Segment Start: SUPPLIED MATERIAL

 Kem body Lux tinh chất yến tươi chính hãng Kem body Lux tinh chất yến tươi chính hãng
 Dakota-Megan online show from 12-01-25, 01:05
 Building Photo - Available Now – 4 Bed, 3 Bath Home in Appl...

Segment End: SUPPLIED MATERIAL
Segment Start: SUPPLIED MATERIAL

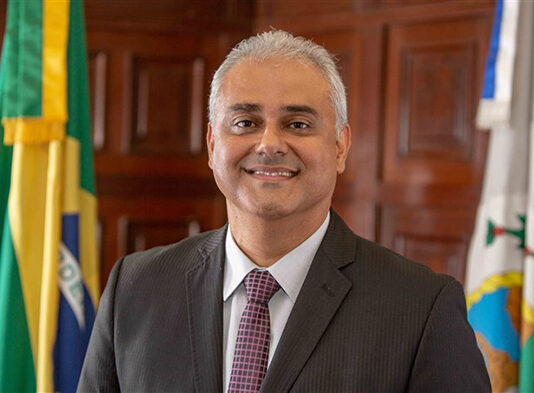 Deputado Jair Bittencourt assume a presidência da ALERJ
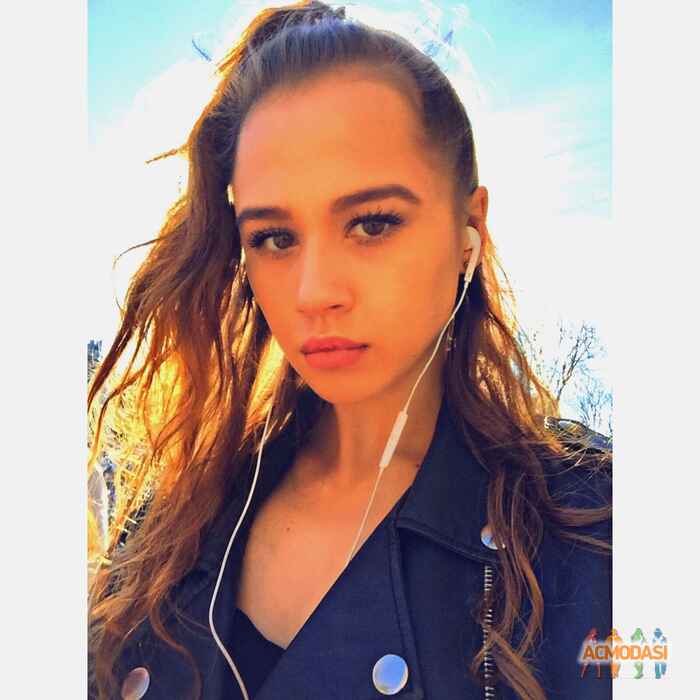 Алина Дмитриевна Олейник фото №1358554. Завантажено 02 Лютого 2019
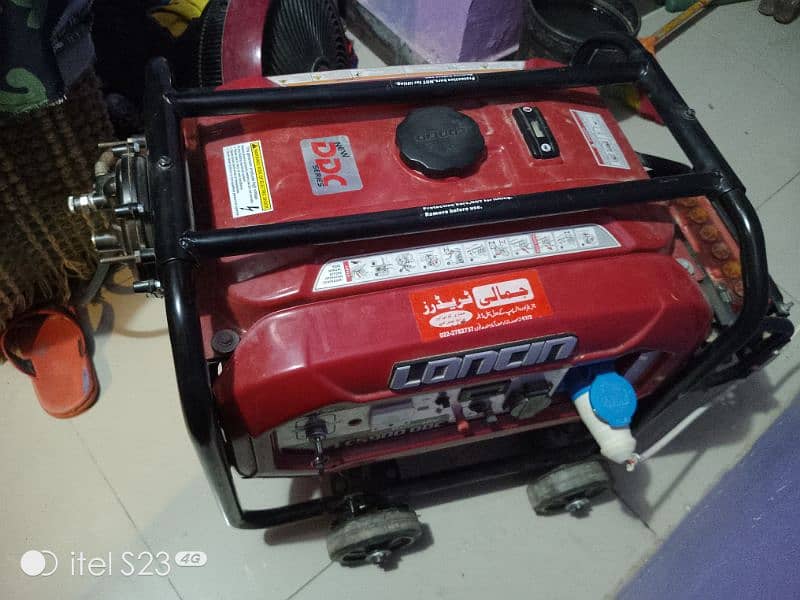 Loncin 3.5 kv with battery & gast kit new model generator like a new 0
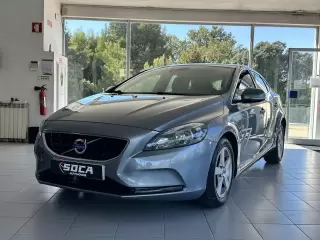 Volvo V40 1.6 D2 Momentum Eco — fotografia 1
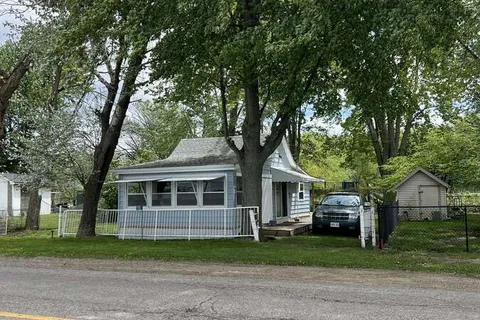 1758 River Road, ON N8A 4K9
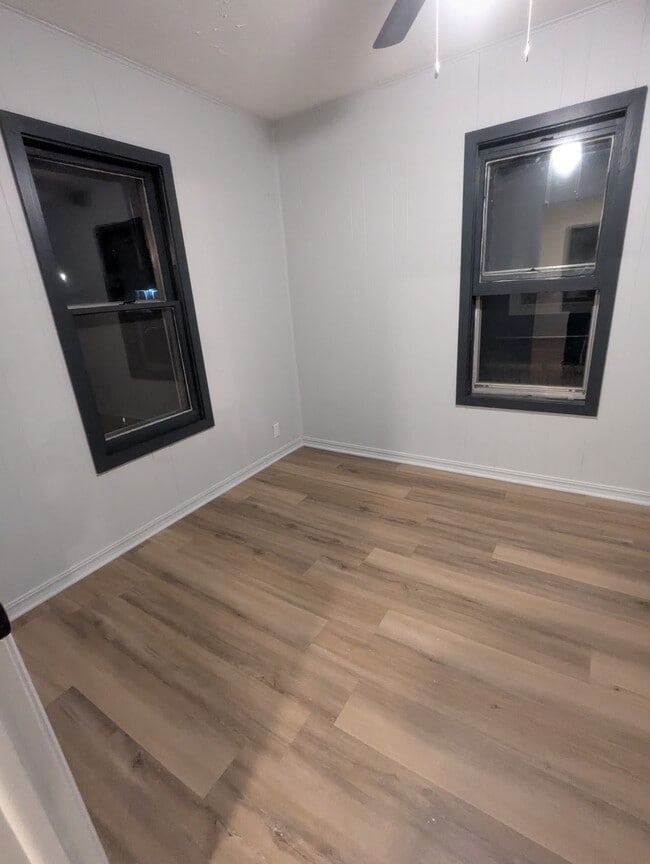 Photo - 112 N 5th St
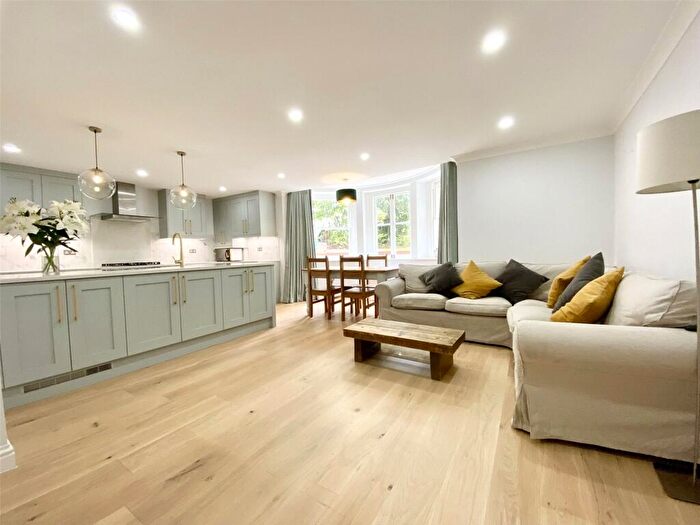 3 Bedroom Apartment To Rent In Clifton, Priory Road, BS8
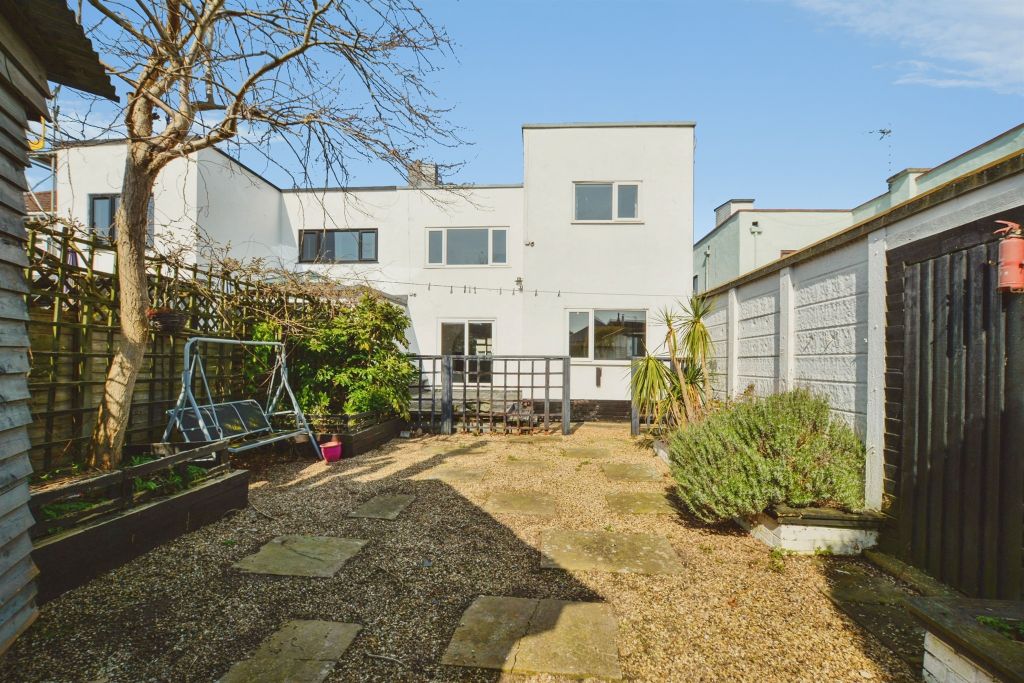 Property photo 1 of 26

Segment End: SUPPLIED MATERIAL

▶ [WHAT YOU NEED TO DO]:
Output, from the data above, the lines from the line with "Kem body Lux tinh chất yến tươi chính hãng Kem" to the line with "Building Photo - Available" exactly as they stand, both ends included and nothing else.

▶ [RESULT OF THE TASK]:
 Kem body Lux tinh chất yến tươi chính hãng Kem body Lux tinh chất yến tươi chính hãng
 Dakota-Megan online show from 12-01-25, 01:05
 Building Photo - Available Now – 4 Bed, 3 Bath Home in Appl...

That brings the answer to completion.